ON CHOICE FROM FINITE VS INFINITE FIELDS IN COURSE OF PROBABILITY THEORY
1Krasnoshchekov V.V., 1Semenova N.V., 2Mohamed B.M.M., 3Bakkar M.M.A.
1 Peter the Great St. Petersburg Polytechnic University, St. Petersburg, Russia (195220, St. Petersburg, Polytechnicheskaya street, 29), e-mail: krasno_vv@spbstu.ru
2 Cairo University, Giza, Egypt (12613, 1 Gamaa Street, Giza, Egypt), e-mail: boss_3ds@yahoo.com
3 University Al-Baath, Damascus, Syria (PP75+5VC, Aleppo Highway, Damascus, Syria), e-mail: mamadyan1997@gmail.com
The authors continue to study the accuracy and limitations of applicability of probabilistic models. The concept of accuracy is an important component of the competencies of university graduates in the field of mathematical modeling. In this paper, the authors compare the probabilities calculated using exact and approximate formulas. The authors find the probabilities of selection from an infinite field of options using the exact Bernoulli formula, which, in this case, bases on the statistical definition of probability. Obviously, in practical problems, only a choice from a finite field of options is possible, then they make calculations according to the classical selection formula. The authors conduct all research on the material of the same task, which is neutral in terms of the content of the text, and, at the same time, allows for a simple interpretation of the results.
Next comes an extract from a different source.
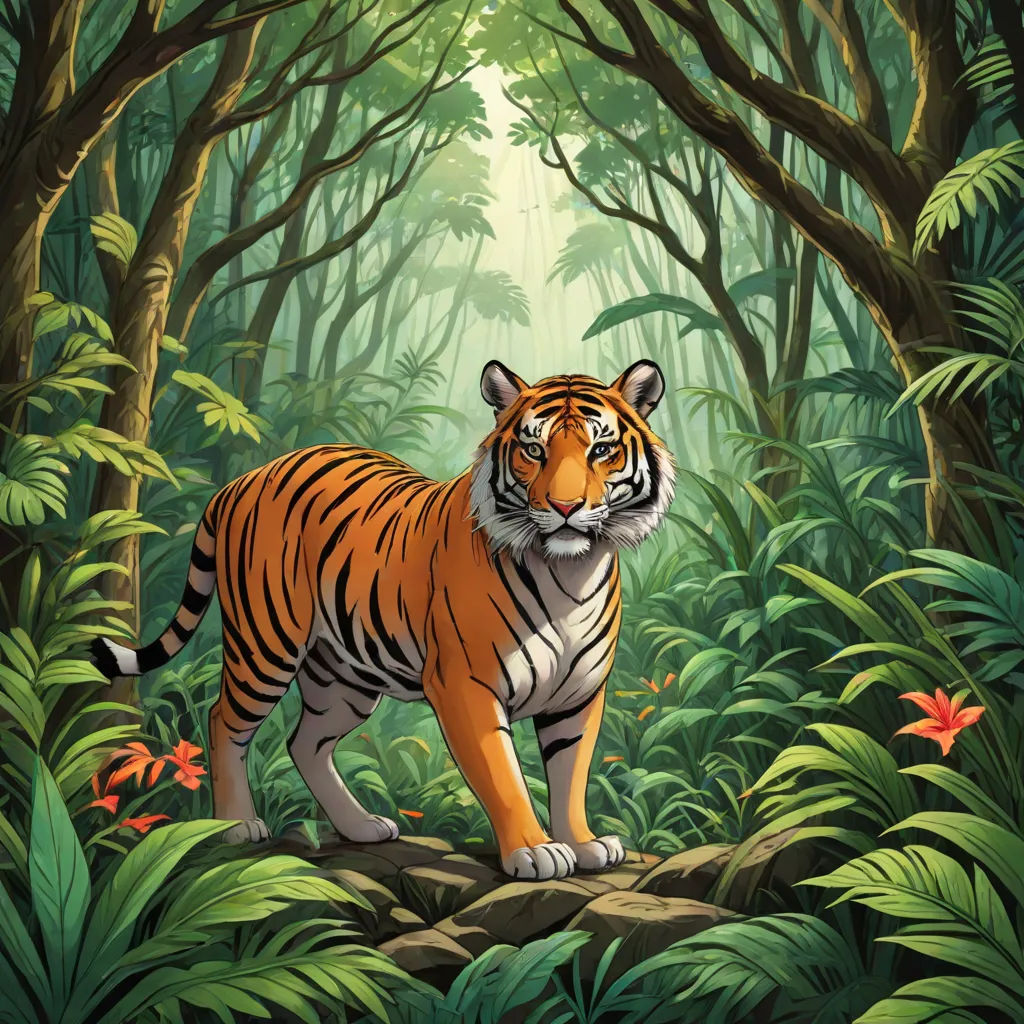 a tiger standing in the middle of a jungle with trees and flowers around it and a bright light coming from behind it, bengal school of art, an album cover, Chris LaBrooy, promotional image
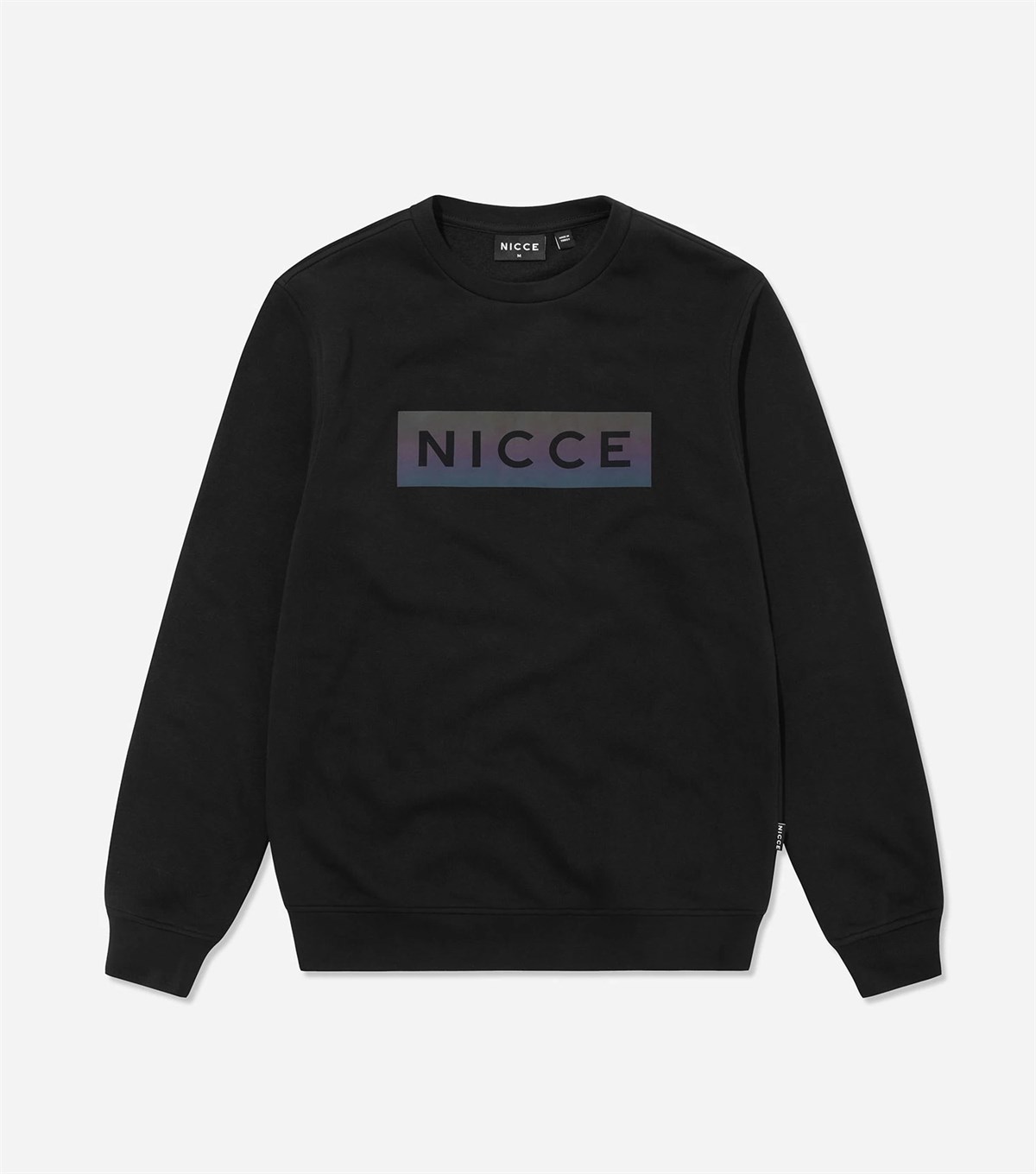 Gögsü Büyük Reflektive Baskılı  Sweat Siyah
The found values of the absolute and relative errors of calculating the probabilities demonstrate a fairly fast convergence of the approximate results to the exact ones. Thus, the authors empirically established the limit values of the size of the variants bank, at which the exact and approximate results differ by no more than 1%. The selected approximations of the lines of convergence give formulas for the minimum required size of the bank of variants. It is possible to use these formulas at medium risk levels of the processes under consideration.
Keywords: teaching the theory of probability, Bernoulli's formula, choice based on the classical definition, absolute error, relative error.